→ WHAT THE EXERCISE ASKS
Take the entries that follow and return only the lines from the one with "Tulsa TUL Airport Code Print" through the final line, leaving every picture behind.

*** DATA TO USE Section Begins ***

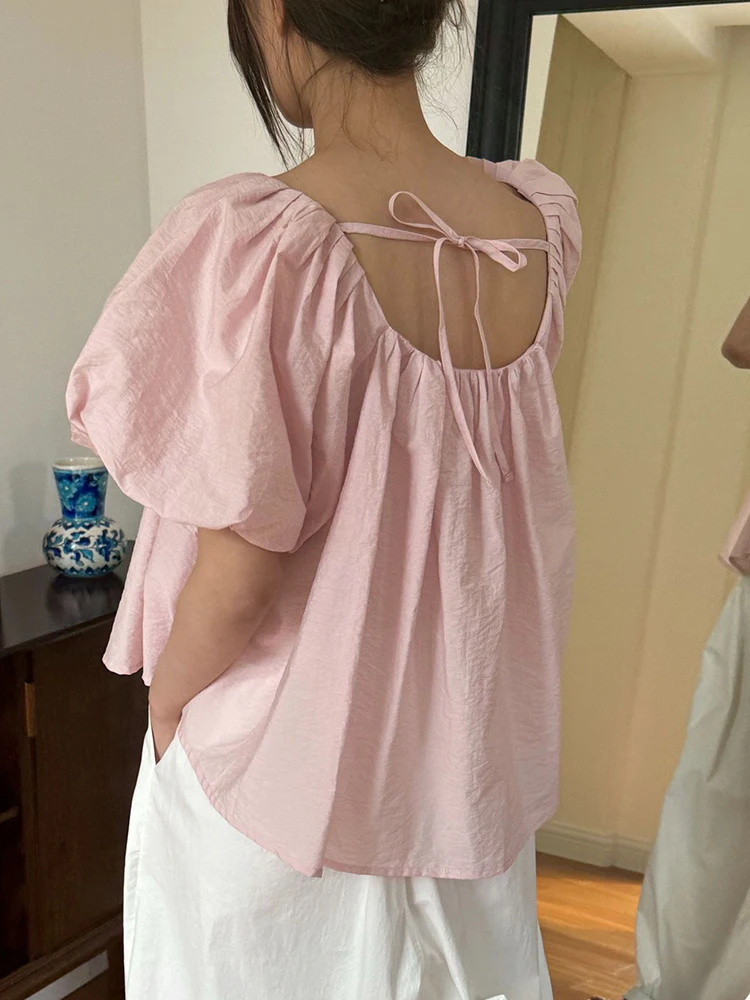 [LANMREM] Puff Sleeve Design Pullover Shirts For Women Round Neck Backless Loose Short Blouses 2024 Summer New Tops 26D9261
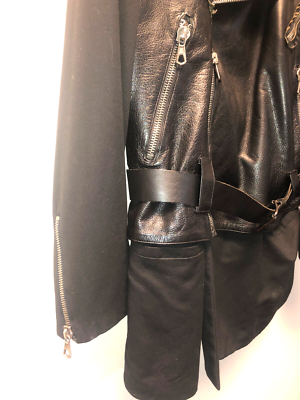 CALUGI E GIANNELLI Rare 90's Hybrid Jacket in Black Leather and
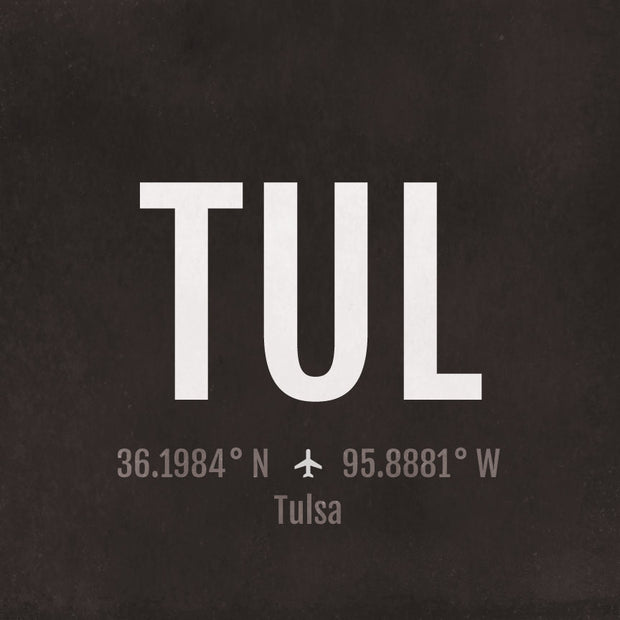 Tulsa TUL Airport Code Print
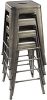 Backless Stacking Gunmetal Grey Metal Barstools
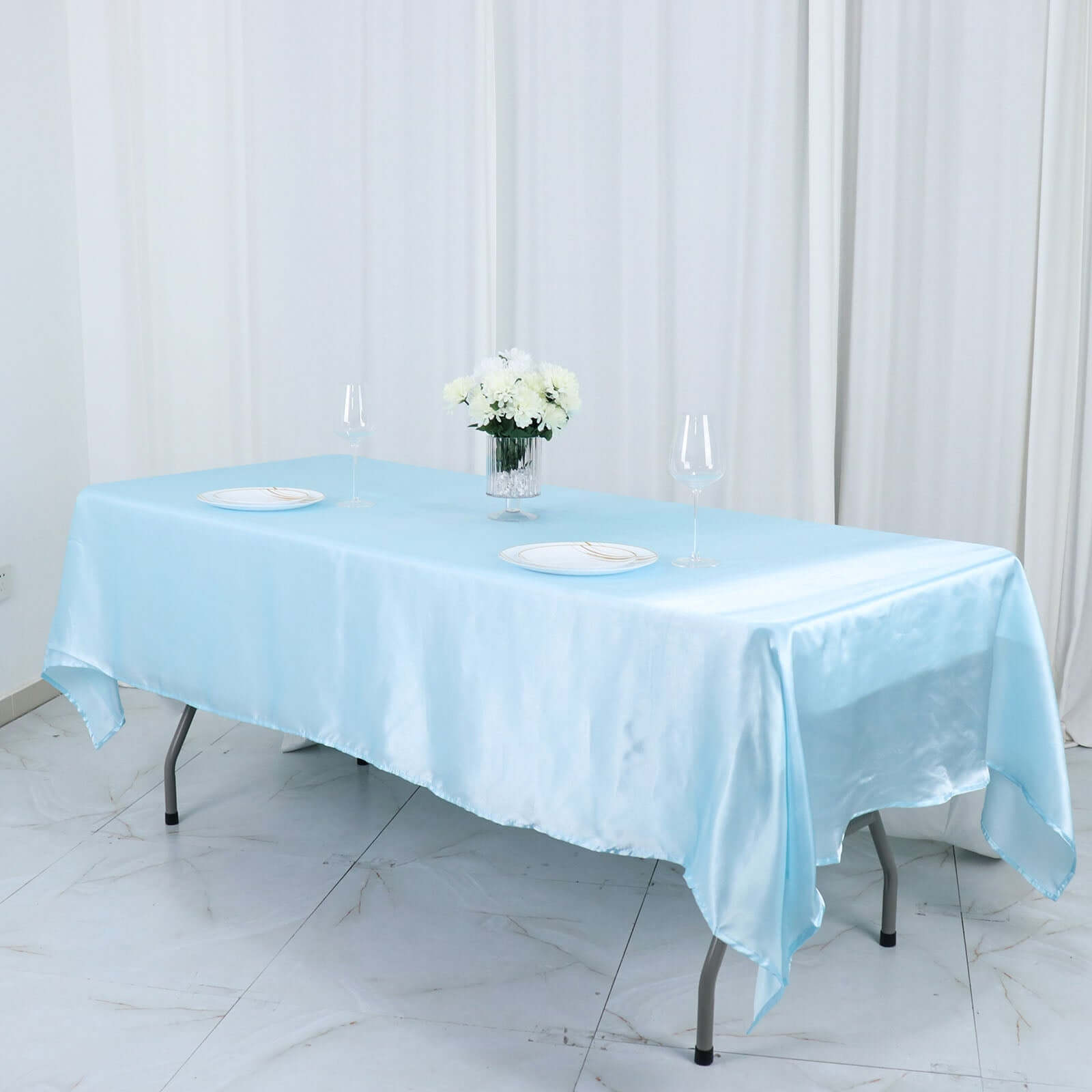 Satin Rectangular 60x102 Tablecloth Light Blue - Smooth and Lustrous Table Cover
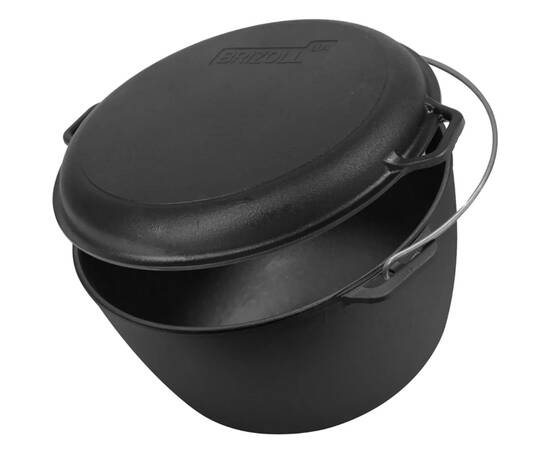 Казан туристический чугунный с чугунной крышкой - сковородой 10 л Туризм Brizoll (KT10-2), Объем казана: 10 л, Наличие крышки: с крышкой-сковородой, изображение 2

*** DATA TO USE Section Ends ***

→ WRITTEN RESPONSE
 Tulsa TUL Airport Code Print
 Backless Stacking Gunmetal Grey Metal Barstools
 Satin Rectangular 60x102 Tablecloth Light Blue - Smooth and Lustrous Table Cover
 Казан туристический чугунный с чугунной крышкой - сковородой 10 л Туризм Brizoll (KT10-2), Объем казана: 10 л, Наличие крышки: с крышкой-сковородой, изображение 2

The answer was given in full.